Discussing the emergence of Biblical minimalists during the 1980s, Segal focused on the Israeli archaeologist Israel Finkelstein, who raised a critical debate over the ancient gates at Gezer, Megiddo, and Khatol. Although they were traditionally thought to be built by Solomon, Finkelstein dated the gates 150 years later to the Israelite kingdom of Omri, a position that Segal rejects.
This seems like an esoteric debate, but as Segal emphasized, these gates are the only archaeological evidence of the Israelite United Kingdom, that ruled by King David and Solomon. Finkelstein then made “the argument from silence” that the United Kingdom therefore never existed and cautioned archaeologists against using the Bible during digs, as it might prompt incorrect interpretations of excavated sites.

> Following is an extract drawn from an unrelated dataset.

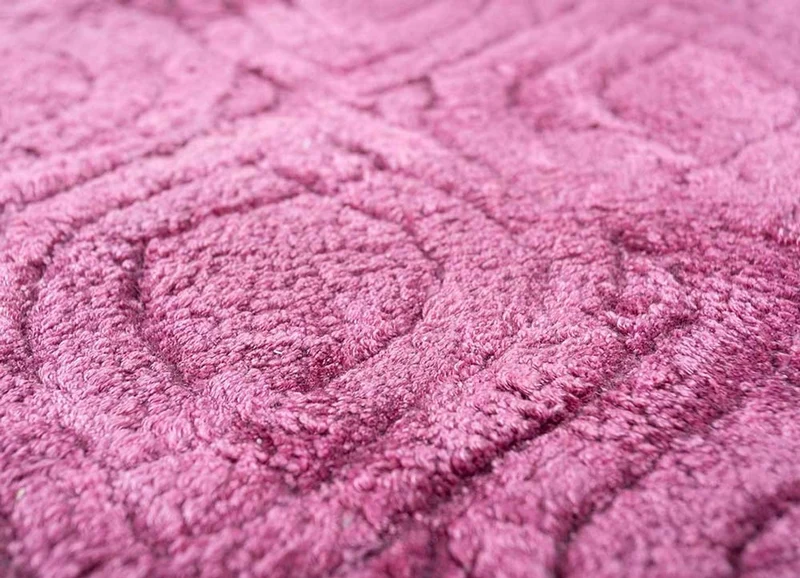 Designer Teppich - 180 x 270 cm - rosa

Critical of this interpretation, Segal suggested that Finkelstein, an assistant professor in Israel at the time, had proposed the theory simply to make a name for himself.
In response, Segal went on to cite numerous archaeological examples to support the Israelite kingdom’s existence, including the Mesha Stele and the Merneptah inscriptions, as well as “ethnic identifiers” such as instruments for circumcision, certain types of pottery, and almost a complete lack of pig bones in specific areas.

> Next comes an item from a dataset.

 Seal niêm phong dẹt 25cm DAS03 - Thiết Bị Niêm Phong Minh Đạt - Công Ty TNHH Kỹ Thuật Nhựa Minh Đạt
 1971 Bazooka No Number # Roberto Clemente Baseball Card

The question and answer period was markedly more political. When asked about the minimalists, Segal tersely responded that they were just scholars trained in a new type of hermeneutics looking for an intellectual exercise. Then, abruptly, he assured the audience that as an academic, he is not interested in which nation lived in the Middle East longer or earlier, and that the creation of Israel was based on the UN’s mandate.
Later noting that some groups like the Jebusites are known only through the Bible, Segal criticized Yassir Arafat’s identification as an “Arab, Palestinian, and Jebusite.”
“How do you know you’re a Jebusite?” he asked. “You have to believe the Bible.”
Segal also denied the link proposed by an audience member (as well as El-Haj in her book) that early Israeli archaeologists who had migrated from Eastern Europe were influenced by that region’s archaeology, the discipline of which had grown alongside and in response to European nationalism.
That same audience member seemed to question the value of the lecture as a whole when he commented that after reading El-Haj’s book, he thought that El-Haj did not in fact reject the existence of an Israelite kingdom. This Bwog reporter admits that he needs to do more investigation—expect a detailed book review of Facts on the Ground in the near future.